Ensuring L2 transaction uniqueness

When designing a ZK-based L2 on top of a blockchain, one important consideration is to ensure L2 transaction uniqueness. This means that any L2 transaction which is posted to an L2 node, cannot later b resubmitted without the original signees’ approval. For example, if person A pays person B $50, we must ensure that person B cannot reuse the corresponding L2 transaction in order to receive $50 a second time.

The solution to this problem is to add some data to each L2 transaction which confirms its uniqueness, and to check this piece of data either in the batch proof or the L1 smart contract. The real question is, what data should be added? Naively, there are two types of solutions: We can convey information about the world, or about the state of the L2.

Let us consider passing along some information about the state of the world first, independent from any blockchain concepts. An example of this would be adding a timestamp to each L2 transaction. The batch proof can then take as a public input the timestamp when it is computed, and make sure that the individual L2 transactions’ timestamps fall within a reasonable window from its own. However, this poses several problems:

• Time is a very complex concept. There are timezones, leap seconds etc.
• Time doesn’t translate very well to blockchains. In a decentralized L2, each node would have a different timestamp at which it records a given batch proof. This might produce some trouble.
• The uniqueness issue is very sensitive. One requirement is that (almost) any transaction submitted correctly, would be accepted by the batch proof, to avoid having to recompute and resign L2 transactions on a regular basis. On the other hand, we also require that not a single L2 transaction can ever be resubmitted to a different batch proof. The combination of these two requirements means that the verification in the batch proof, based on the timestamp of the L2 transaction and the timestamp of the batch proof, can almost never be wrong. This is a sufficiently stringent requirement to kill the idea of using timestamps.
• These issues apply more generally than only to time: Few real-world concepts map neatly enough onto blockchain concepts to be able to use them here in enforcing L2 transaction uniqueness.

The other suggestion was to include some information about the L2’s state when submmitting a new L2 transaction. For example, we could use some form of hash of the L2 state, like a Merkle root in case the data is stored as a Merkle tree. However, the L2 state is not unique. This means that any data which depends on the L2 state will also not be unique, potentially leading to trouble. In addition, the L2 state changes very frequently, whereas anything that goes into L2 transactions must be slow to change. Imagine each L2 transaction changes the L2 state in such a way that the next L2 transaction should take into account (e.g. by including an updated Merkle tree). We would then have to reduce our parallel transaction throughput to become sequential, as no two L2 transactions can be computed and submitted independently. For more information, see the Casper Association blogpost about sequential throughput.

Based on this analysis, we can draw a number of conclusions:

• The data X to be added to the L2 transactions should be dependent on something unique, i.e. not the L2 state
• X should not change too frequently, insinuating depending on L1 rather than L2 X being discrete, as opposed to continuous, would help to make sure that the function which determines whether an L2 transaction fits into a given batch proof makes no mistakes. This is the problem explained above with timestamps.
• The data should represents something clear and consistent within the blockchain world.

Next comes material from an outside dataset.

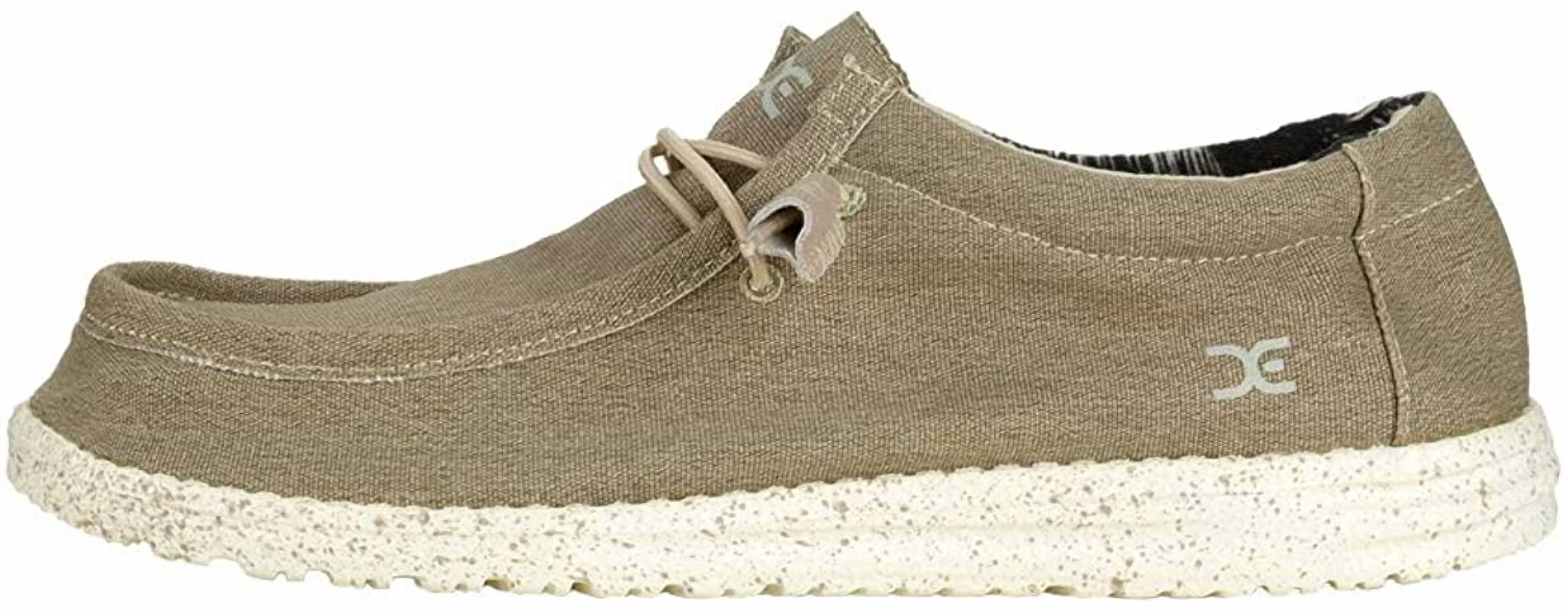 Hey Dude Wally Stretch Mens Shoes Sz 8 Beige Canvas Lace-Up Round Toe Low Top Hey Dude Men main image 3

This brought us to a new idea: What about logical time? We can track L2-L1 interactions using a counter, and use the value of this counter both as part of the L2 transactions, a public input to the batch proof so the L2 transactions can be verified, and the L1 smart contract in order to match the batch proof’s claimed counter value with the L1’s reality. Such a counter could, for example, track the number of times the L2 posts a batch proof onto the L1. This provides an elegant and concise solution to the problem. In the Kairos specification, this counter is referred to as the Kairos counter.

In order to confirm that the right people sign off on the counter which is included in a given L2 transaction, the counter is included in the bytestring to be signed. This prevents anyone from resubmitting old transactions with a new counter value.

As a sidenote, the Kairos counter system has an important effect on the L2 nodes, namely that they have to verify each L2 transaction comes in with the correct counter in order to be accepted into the next batch proof to be computed. This requires an extra endpoint on the L2 nodes in order for users to query the Kairos counter value they should add to their L2 transactions. In particular, after a number of seconds S or a number of L2 transactions N, the L2 node must close off the next batch proof’s L2 transaction queue to start its computation, given that batch proof computations cannot easily be added to iteratively. In addition, if the Kairos counter value of a submitted L2 transaction is incorrect, the L2 node should provide a reasonable error message explaining the issue.

In conclusion, a new danger must be handled by ZK-based L2s, namely to provide a mechanism to enforce L2 transactions to be unique in their posting on L1. In order to accomplish this, we discovered the Kairos counter, and will add this concept both to the L2 transactions, batch proofs and L1 smart contract.